GAO: SBIR Phase III Awardees Must Have Performed Or Been Novated the Preceding SBIR Phase I Or II Awards To Be Eligible for Award
WHAT: The Government Accountability Office (GAO) recently sustained a protest challenging the award of a sole-source Small Business Innovative Research (SBIR) phase III award because the awardee was not the legal entity that performed the phase I and II awards. In ASRC Federal Data Network Technologies, LLC, B-418028, the awardee, American Systems Corporation, had acquired the phase I and II awardee, DDL Omni Engineering, after performance of those awards was complete. The government subsequently executed a novation agreement based on an assignment and assumption agreement between DDL Omni and American Systems which included a prior DDL Omni phase III award, but not DDL Omni’s phase I or II awards that led to the phase III award in question. Based on GAO’s reading of the SBIR Policy Directive, it found that American Systems must have either performed or been novated a phase I or phase II award to be eligible for the new phase III award based on DDL Omni’s technology. Because it did not, GAO found that the phase III award to American System did not “derive from, extend, or complete a prior SBIR contract,” as required by the Policy Directive.
WHAT DOES IT MEAN FOR INDUSTRY: This decision is a cautionary tale for companies looking to acquire a SBIR awardee whose phase I or phase II SBIR awards have already been completed. Under GAO’s interpretation of the current SBIR Policy Directive, unless a phase I or phase II award is novated following the transaction, a buyer will not be eligible for new phase III awards based on the target’s SBIR-developed technology. The government is often reluctant to approve novation of a completed contract, and thus the transaction and SBIR-award timing may be a critical factor in determining the future value of the acquired SBIR-developed technology.

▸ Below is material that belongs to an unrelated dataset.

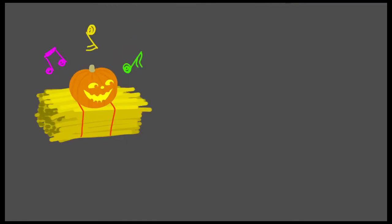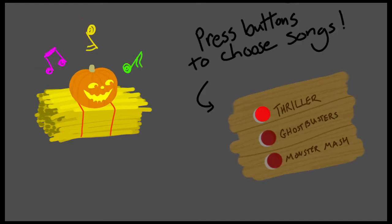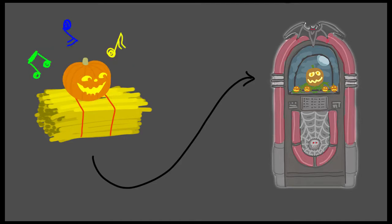Another idea I had for using this board could be a way to give your animatronic band the ability to take song requests. An implementation of this could be in the form of a jukebox, where you could have a little animatronic figure inside that sings the songs. Each button lines up with an input on Gatekeeper, and each of those buttons triggers a different song routine to play.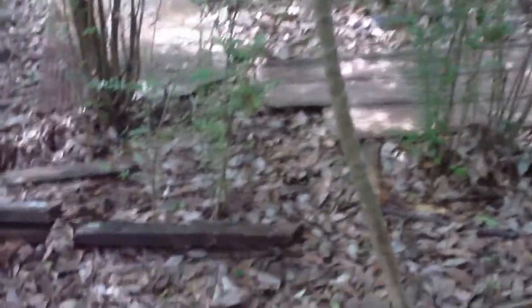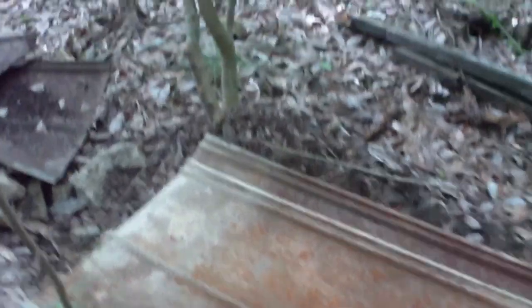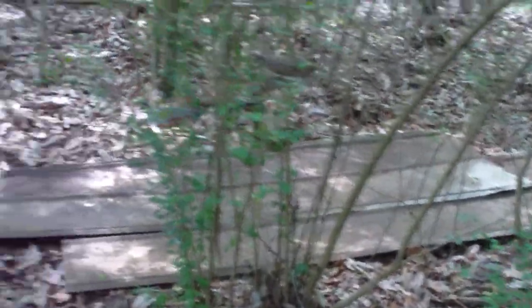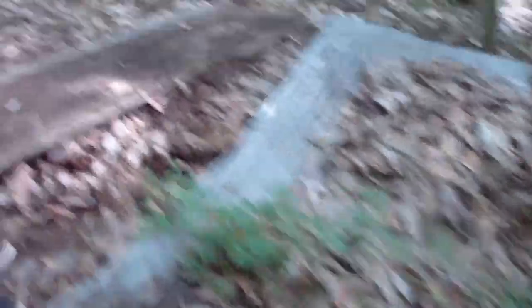Alright y'all, check out what we've made. Here's the spot where we found the ring-necked snake, and that's going to be a good spot. We've got some tin laying over there, and we layered it — there's more tin over there, tin over there, tin over there, and tin over here.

In ASRC, GAO relied on the plain language of the SBIR Policy Directive, after noting that the SBIR statute merely provides that Phase III awards must go to award recipients that developed the technology. The Policy Directive, issued by the Small Business Administration (SBA), provides that a SBIR awardee may include “those identified via a ‘novated’ or ‘successor in interest’ or similarly-revised Funding Agreement. However, the Policy Directive also states that “to receive a Phase III award, the [a]wardee must have either received a prior Phase I or Phase II award or been novated a Phase I or Phase II award.” GAO focused on the word “must,” and held that “the Policy Directive is clear on the eligibility requirements for a phase III awardee, and it does not provide that a company should be considered a successor in interest for purposes of SBIR phase III eligibility simply by acquiring another company that previously had performed an SBIR phase I or II award.”

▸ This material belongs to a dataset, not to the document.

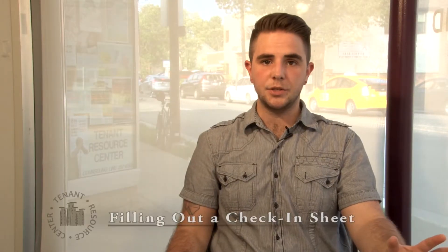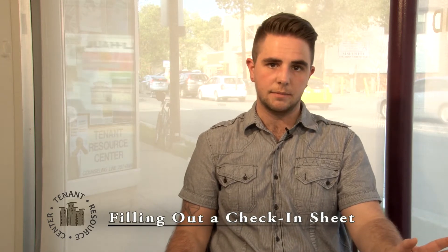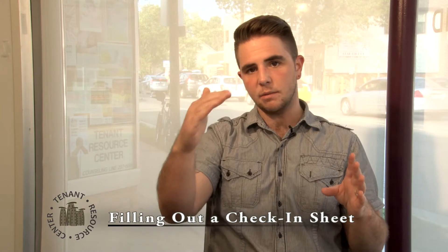The best way to protect your security deposit is to fill in a check-in sheet. This is going to be a long itemized list of all the different things in the apartment — the floors in this room, the ceiling in that room, this appliance, that light fixture.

Notably, GAO solicited and ultimately rejected the SBA’s view, including at a hearing, that American Systems was eligible as a successor in interest to DDL Omni. SBA, like the agency, argued that by acquiring DDL Omni, American Systems had purchased DDL Omni’s rights and interests and therefore was a successor-in-interest in the phase I and II technology. As a result, SBA asserted that, assuming other eligibility criteria were met, American Systems had the same phase III rights as if it had performed the phase I or II awards itself, regardless of the lack of novation. GAO disagreed.

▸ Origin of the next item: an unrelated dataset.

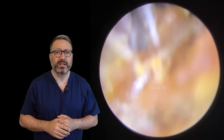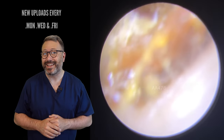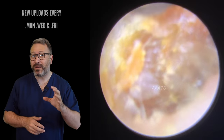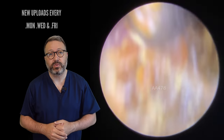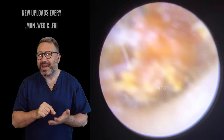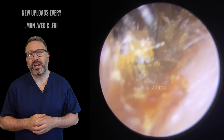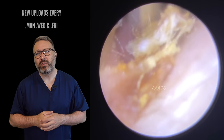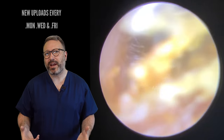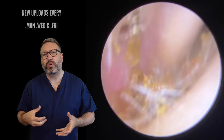You can see me unpeeling this from the side of the canal wall. Very, very slowly and gently taking this away. Don't forget the outer parts of the ear canal are quite sensitive, so if you push a little bit too hard against that skin it can be really uncomfortable for the patient — it can feel like a sharp scratching sensation. So you'll see we're just very, very slowly drawing this out using that harder outer shell of wax to hold on to and draw this out.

Ultimately, whether this decision will have long-term impacts will depend on the SBA’s next steps. GAO’s recommendation explicitly charged the contracting agency to work with SBA to determine if changes were needed to the SBIR Policy Directive to accomplish the intent SBA espoused in this case. In the interim, buyers should novate all active SBIR awards acquired, attempt to persuade the Government to novate the target’s completed phase I and phase II awards, and factor in the Government’s reluctance to novate completed contracts into the transaction.